**YOUR INSTRUCTIONS:**
Given the entries below, would you transcribe exactly the lines starting at the one with "Mouchoir de campagne" and ending at the one with "Piano Man Acoustic", both kept, pictures omitted, nothing extra?

**DATA EXTRACT:**

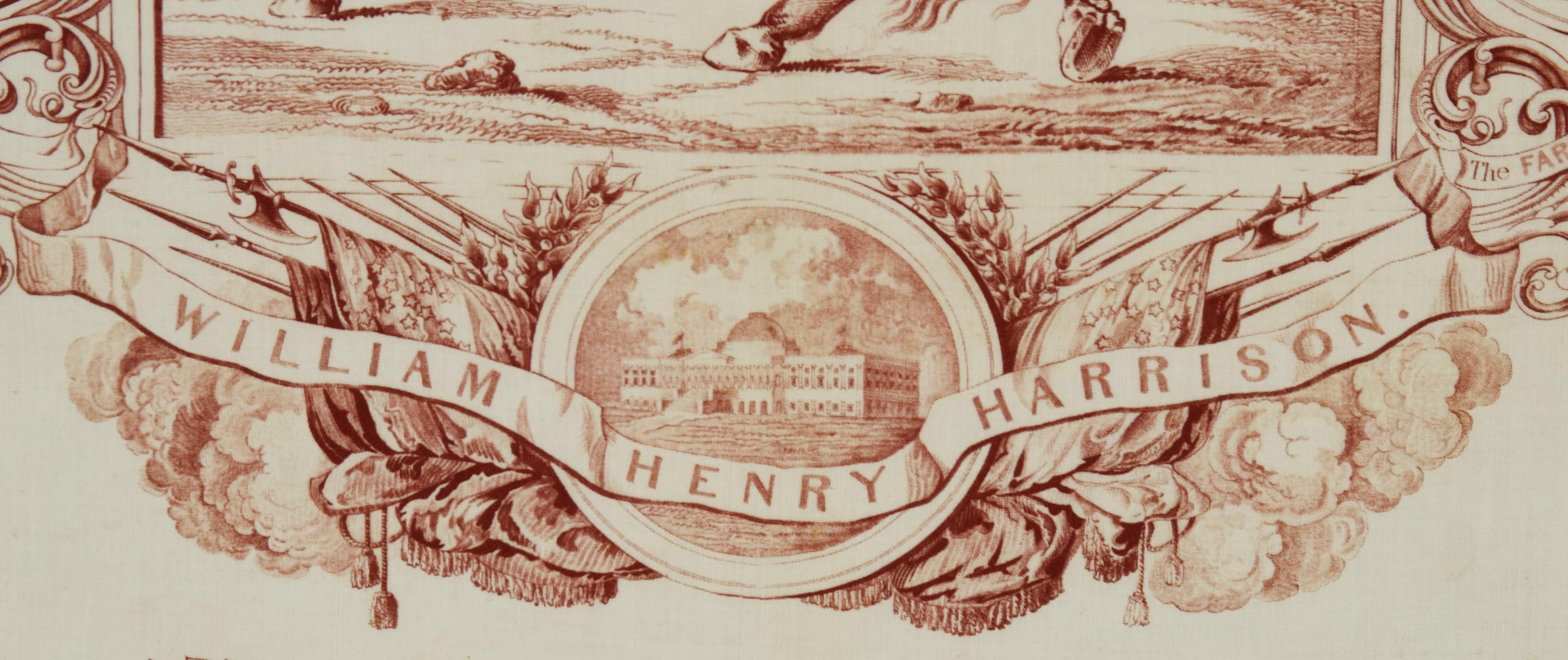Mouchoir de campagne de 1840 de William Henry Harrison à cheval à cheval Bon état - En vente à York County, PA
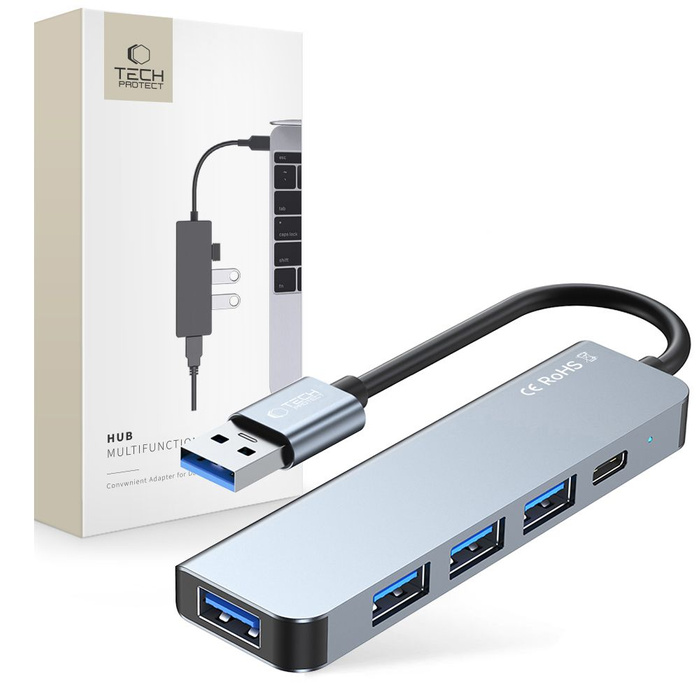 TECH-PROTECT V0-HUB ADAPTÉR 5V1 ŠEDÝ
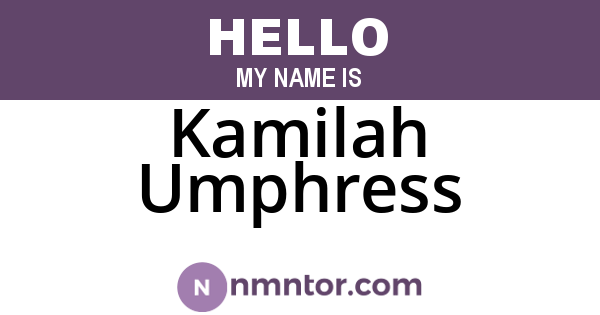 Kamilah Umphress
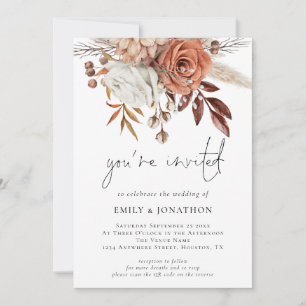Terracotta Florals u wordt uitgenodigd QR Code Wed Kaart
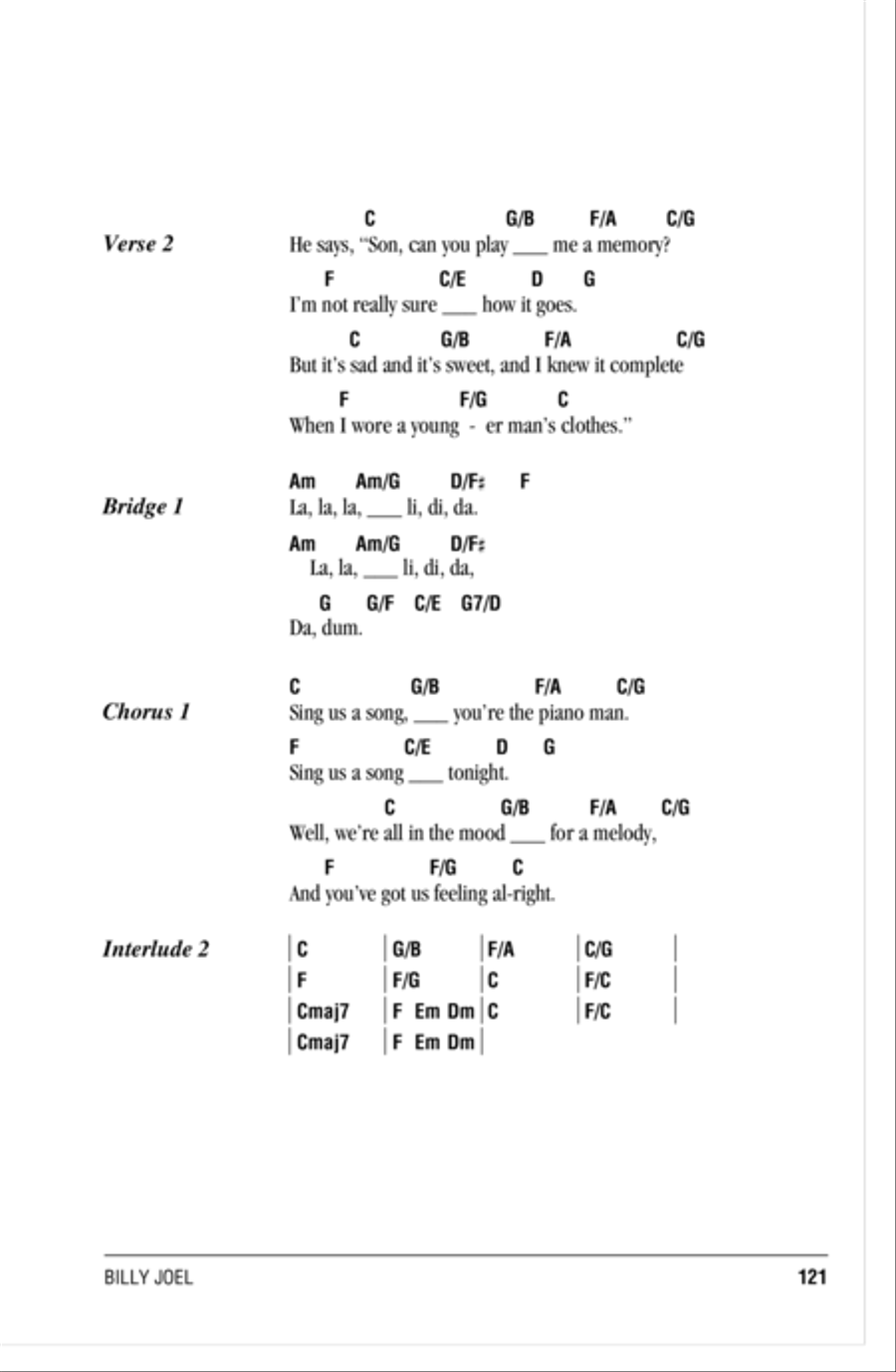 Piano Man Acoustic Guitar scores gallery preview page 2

...

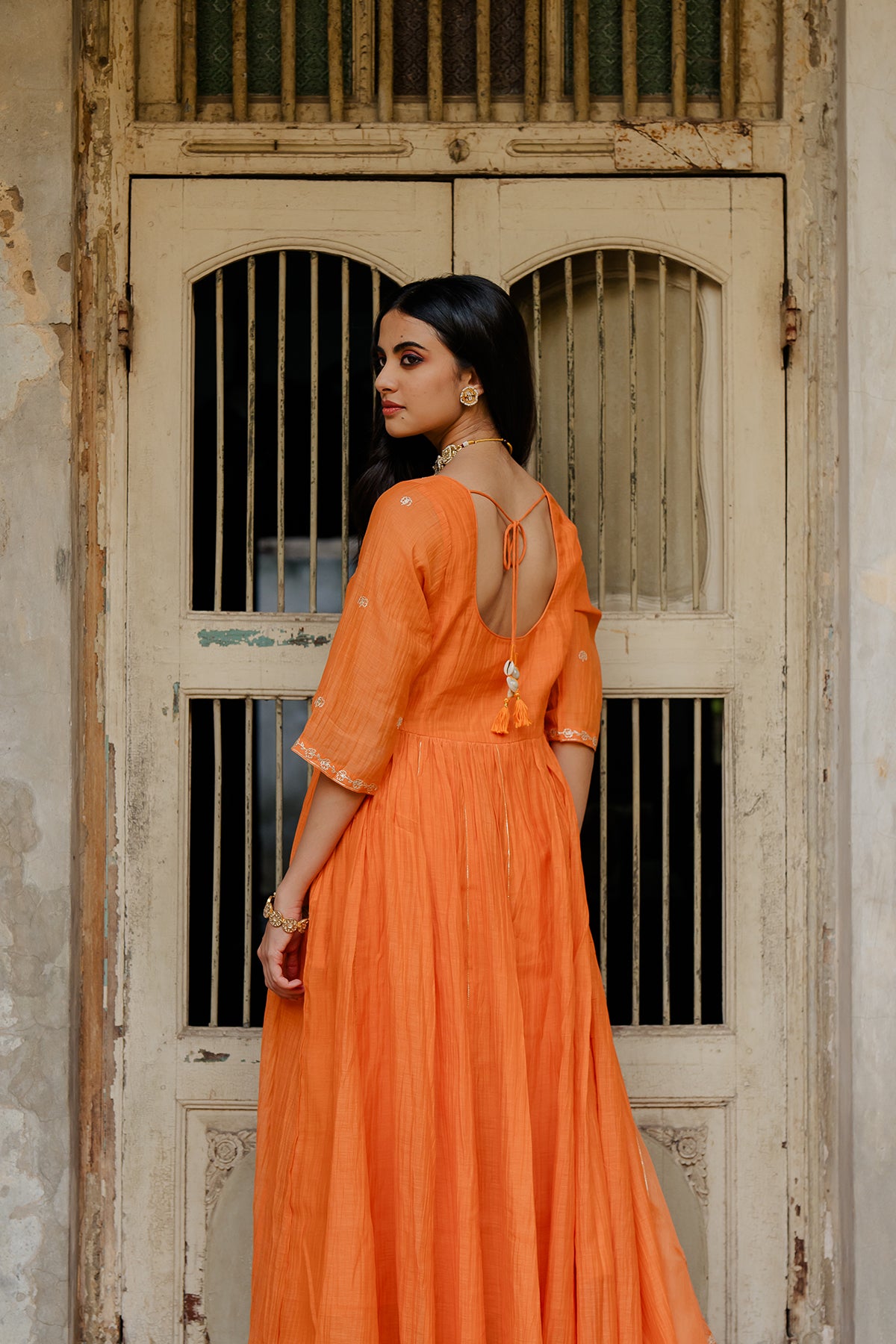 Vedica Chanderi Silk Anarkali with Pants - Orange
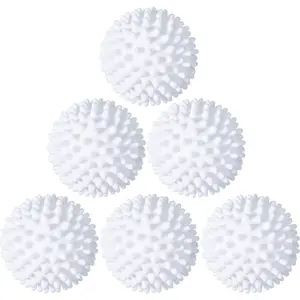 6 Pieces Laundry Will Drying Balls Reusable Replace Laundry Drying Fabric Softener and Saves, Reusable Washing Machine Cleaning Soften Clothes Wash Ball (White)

...

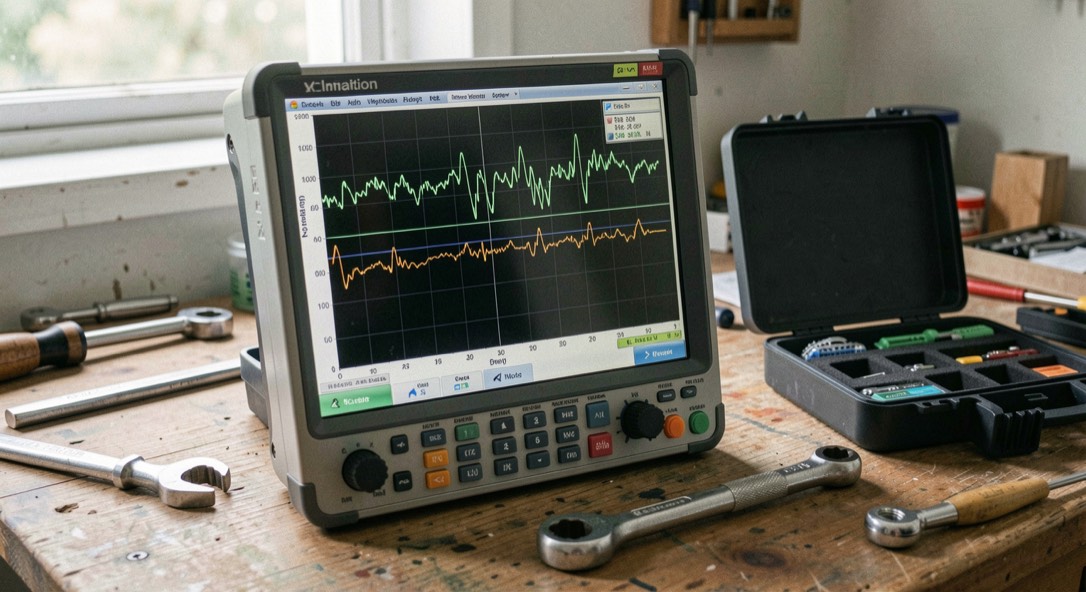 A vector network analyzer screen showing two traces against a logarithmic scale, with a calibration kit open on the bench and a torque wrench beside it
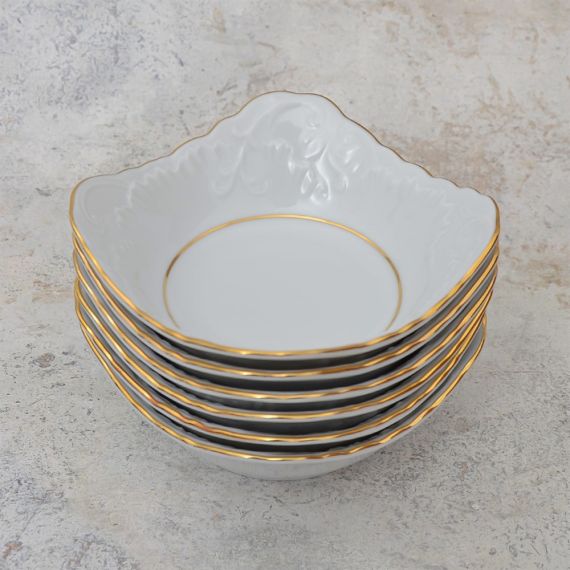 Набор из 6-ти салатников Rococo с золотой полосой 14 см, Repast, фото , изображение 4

**EXPECTED ANSWER:**
Mouchoir de campagne de 1840 de William Henry Harrison à cheval à cheval Bon état - En vente à York County, PA
 TECH-PROTECT V0-HUB ADAPTÉR 5V1 ŠEDÝ
 Kamilah Umphress
Terracotta Florals u wordt uitgenodigd QR Code Wed Kaart
 Piano Man Acoustic Guitar scores gallery preview page 2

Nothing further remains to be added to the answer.